Faraday Institution improves battery resource recovery
Researchers working on the UK Faraday Institution project on the recycling of lithium-ion batteries (ReLiB) at the Universities of Leicester and Birmingham have solved a critical challenge in the recovery of materials used in EV batteries at the end of their life.
The new method enables better re-use of the materials in the manufacture of new batteries. It uses ultrasonic waves to separate out valuable material from the electrodes, which is 100 times quicker, greener and leads to higher purity of recovered materials relative to current separation methods, according to the researchers. Specifically, the process uses an ultrasonic delamination technique that blasts the active materials from the electrodes leaving virgin aluminium or copper. This process proved highly effective in removing graphite and lithium nickel manganese cobalt oxides, commonly known as NMC.
“For the full value of battery technologies to be captured for the UK, we must focus on the entire life cycle — from the mining of critical materials to battery manufacture to recycling — to create a circular economy that is both sustainable for the planet and profitable for industry,” said Professor Pam Thomas, CEO of The Faraday Institution. He also added: “This effort to deliver commercial, societal and environment impact for the UK is showing great promise. It is imperative that academia, industry and government redouble their efforts to develop the technological, economic and legal infrastructure that would allow a UK EV battery recycling industry to become established to realise the full benefits of a decarbonised transport sector.”

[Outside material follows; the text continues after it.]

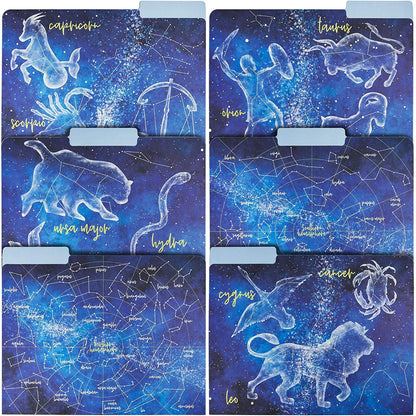 12-Pack Zodiac Constellation File Folders, Letter Size, 6 Designs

“This novel technique works in the same way as a dentist’s ultrasonic descaler, breaking the adhesive bonds between the coating layer and the substrate,” added Professor Andrew Abbott at the University of Leicester who lead the research team. “It is likely that the initial use of the technology will use production scrap from battery manufacturing facilities as the feedstock and feed recycled material straight back into the battery production line, possibly at the same site. This could be a real step change in battery recycling.”
This recycling innovation did not come by accident, however, as the Faraday Institution invested £42 million in battery technology in 2018 and another £22 million in battery research earlier this year. That the results The research has been published in Green Chemistry and the team have applied for a patent for the technique.